One might wonder whether there is a point to such an uninterrupted current of phantasmagoric images.  The reader might be invited to take delight in the extremity of its descriptions: Such would nurture one’s suspicion that Steps is a purely nihilistic work.  What we find in each instance is a relationship between one who terrorizes and oppresses or who sympathizes with terror and oppression (this is often, but not always, the narrator) and one who surrenders, voluntarily or otherwise, to the will of the oppressor.  By describing such scenes of exploitation and persecution in a neutral manner, the book seems to offer no ethical transcendence.  Such an interpretation, however, would ignore the book’s ethical center.
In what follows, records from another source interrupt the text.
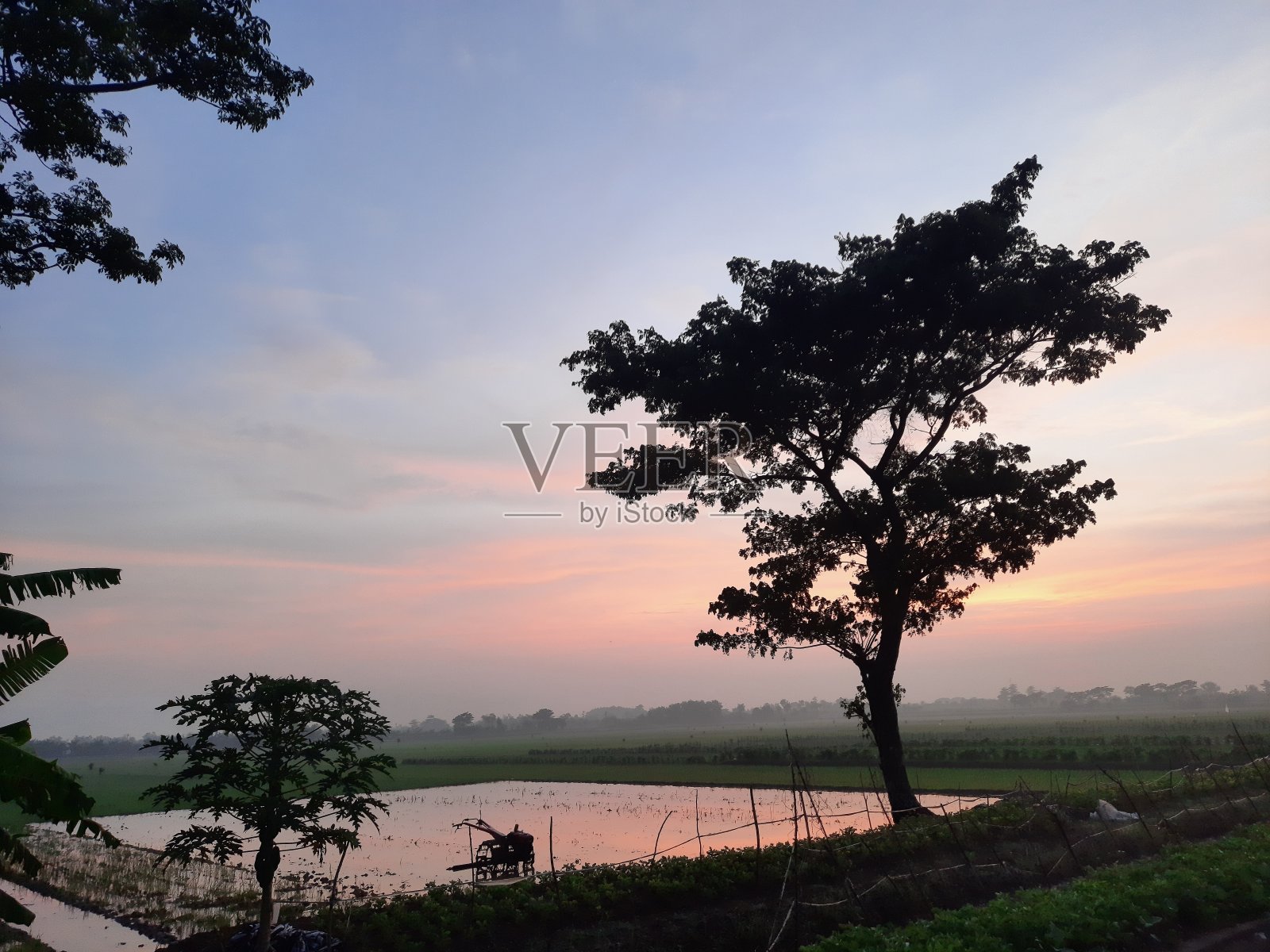 早上好照片摄影图片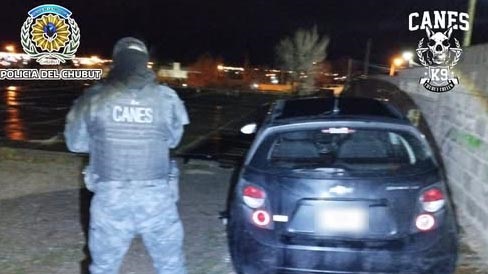 El vehículo fue encontrado oculto en un baldío.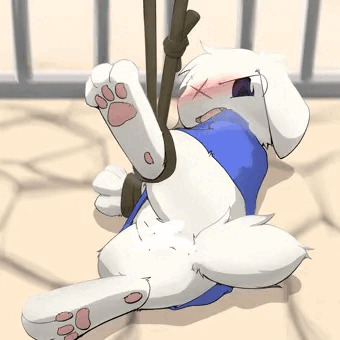 スー
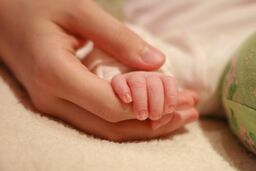 مشوق جدید بیمه برای بچه‌دار شدن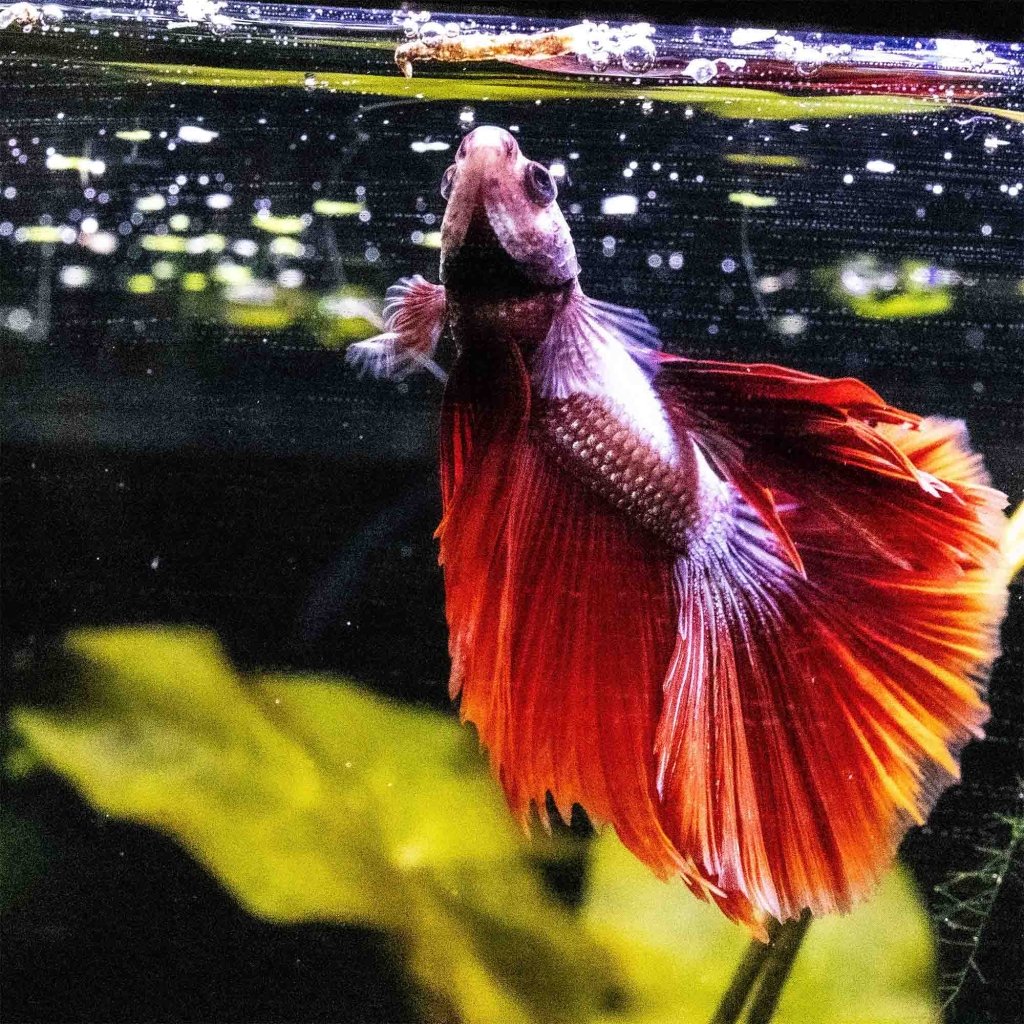 scratch-dent-aquarium-co-op-freeze-dried-bloodworms-9982892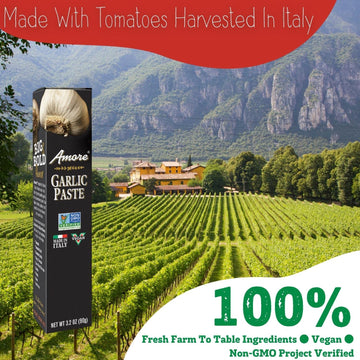 Amore Vegan Garlic Paste In A Tube - Non Gmo Certified And Made In Italy 3.2 Ounce (Pack Of 12)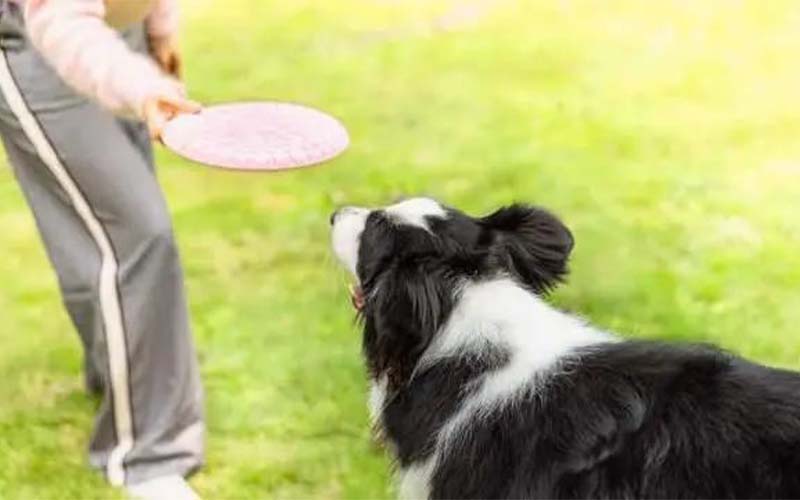 How do you pick pet toys for your dog and that they actually like? This article tells you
The book’s ethical dimension first becomes apparent in an italicized transitional episode in which the protagonist tells his lover of an architect who designed plans for a concentration camp, the main purpose of which, the narrator explains, was “hygiene” [IV, 1].  Genocide was, for those responsible, indistinguishable from the extermination of vermin: “Rats have to be removed.  We exterminate them, but this has nothing to do with our attitudes toward cats, dogs, or any other animal.  Rats aren’t murdered–we get rid of them; or, to use a better word, they are eliminated; this act of elimination is empty of all meaning.”  This passage in particular casts light on the motif of dehumanization that runs pervasively throughout the book.  In Steps, the other person is reduced to the status of a thing.  To make of the other human being a thing: Such is sadism.  Only by representing those to be murdered as vermin (as things to be exterminated) is mass murder possible.  It is no accident, from this perspective, that the narrator imagines himself felling trees when he obeys an order to slit his victim’s throat toward the end of the book: It is the only way that he can suppress the nausea that wells up within him [VIII, 3].  Each human being is irreplaceable, and the death of a person is, therefore, an irrecoverable loss.  By forgetting this, by turning the other human being into a mere object, one is able to dutifully “obey orders” to kill without the intrusion of moral consciousness.  Steps aims at disgusting the reader by showing him/her the obscene consequences of dehumanization.  From this perspective, Steps is a profoundly ethical book.

The center of Steps might serve as a counter-balance to the parade of scenes of horror and degradation that constitute it.  However, this center does not govern the totality of its operations.  A tonality of evil informs these poisonous pages; in terms of its sheer cruelty, the work could only be compared to the writings of Lautréamont.  Although one can point to its ethical character from the passages cited above, the book could also be determined as a willfully perverse affirmation of simulation, falsehood, and metamorphosis that suspends the dimension of the ethical altogether.  The subject ceaselessly yearns to exteriorize himself, to become part of an exterior space in which he would become entirely other-than-himself.  It is a space in which he would be unencumbered by all forms of ethical responsibility: “If I could become one of them, if I could only part with my language, my manner, my belongings” [VII, 1].